#### Work item:
Take the line containing "ตะแกรงระบายน้ำ สแตนเลส 304" and every line after it to the end of the records, and copy them exactly, leaving out pictures.

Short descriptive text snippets
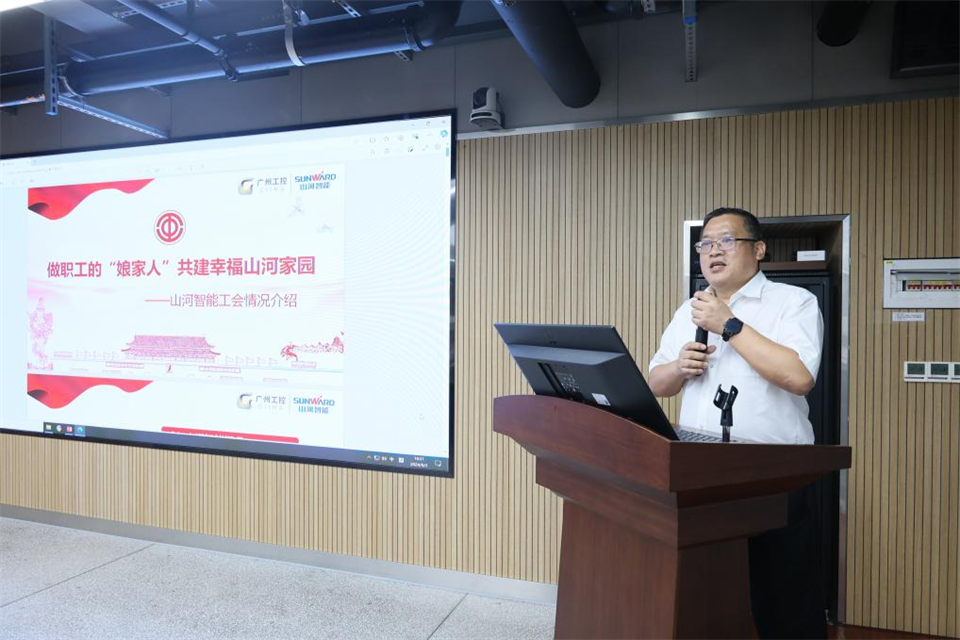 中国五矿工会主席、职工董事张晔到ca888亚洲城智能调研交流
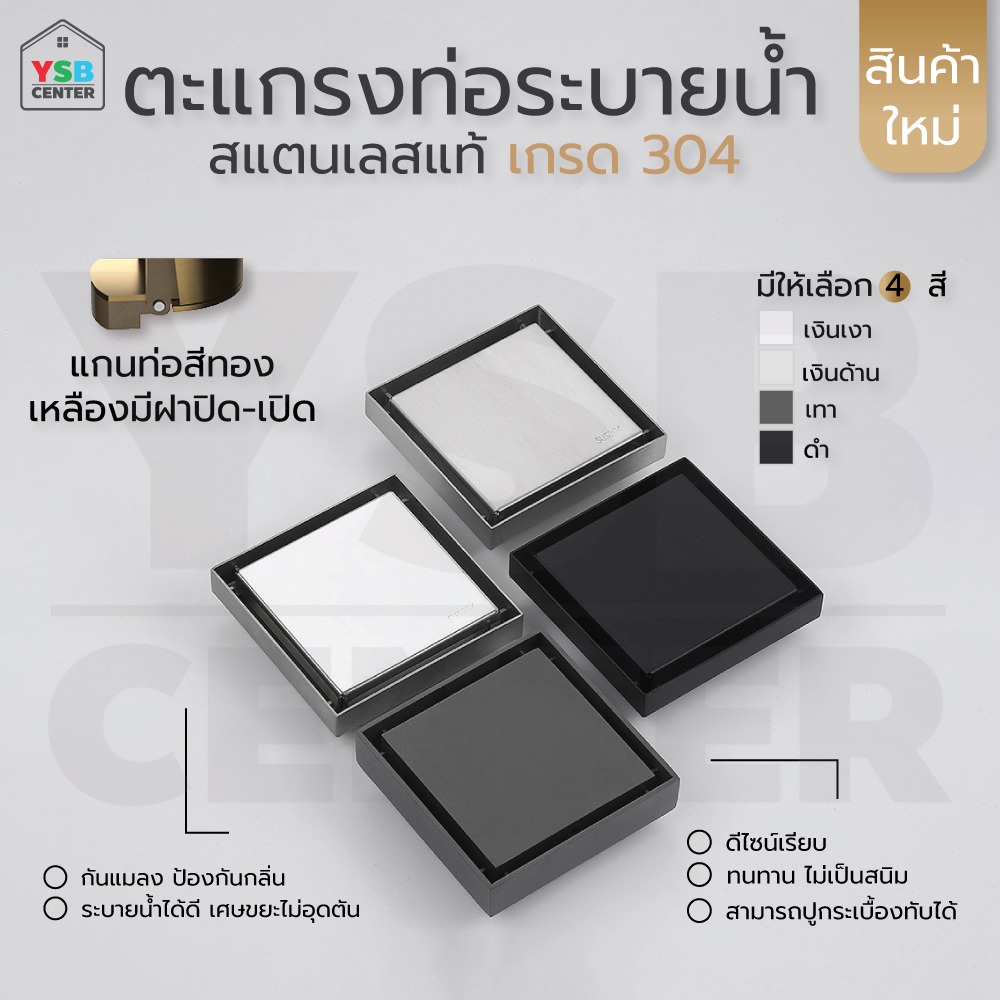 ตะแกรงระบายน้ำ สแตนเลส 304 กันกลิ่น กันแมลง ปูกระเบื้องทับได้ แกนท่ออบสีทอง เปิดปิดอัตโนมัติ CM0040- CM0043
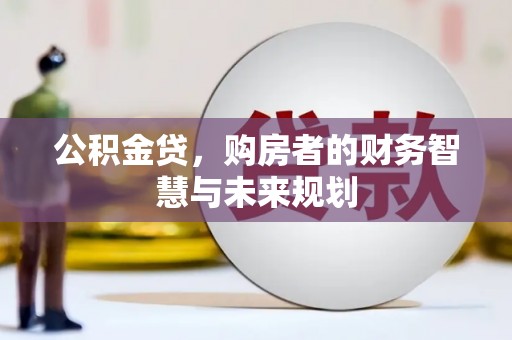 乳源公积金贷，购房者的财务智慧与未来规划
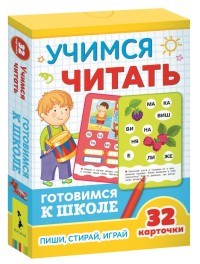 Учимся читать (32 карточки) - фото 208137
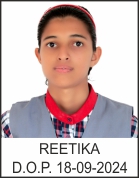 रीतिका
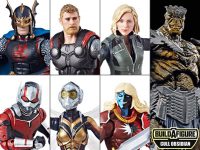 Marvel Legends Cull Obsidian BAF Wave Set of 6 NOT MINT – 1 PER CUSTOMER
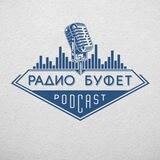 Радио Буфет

#### Exercise response:
 ตะแกรงระบายน้ำ สแตนเลส 304 กันกลิ่น กันแมลง ปูกระเบื้องทับได้ แกนท่ออบสีทอง เปิดปิดอัตโนมัติ CM0040- CM0043
 乳源公积金贷，购房者的财务智慧与未来规划
 Учимся читать (32 карточки) - фото 208137
 रीतिका
 Marvel Legends Cull Obsidian BAF Wave Set of 6 NOT MINT – 1 PER CUSTOMER
 Радио Буфет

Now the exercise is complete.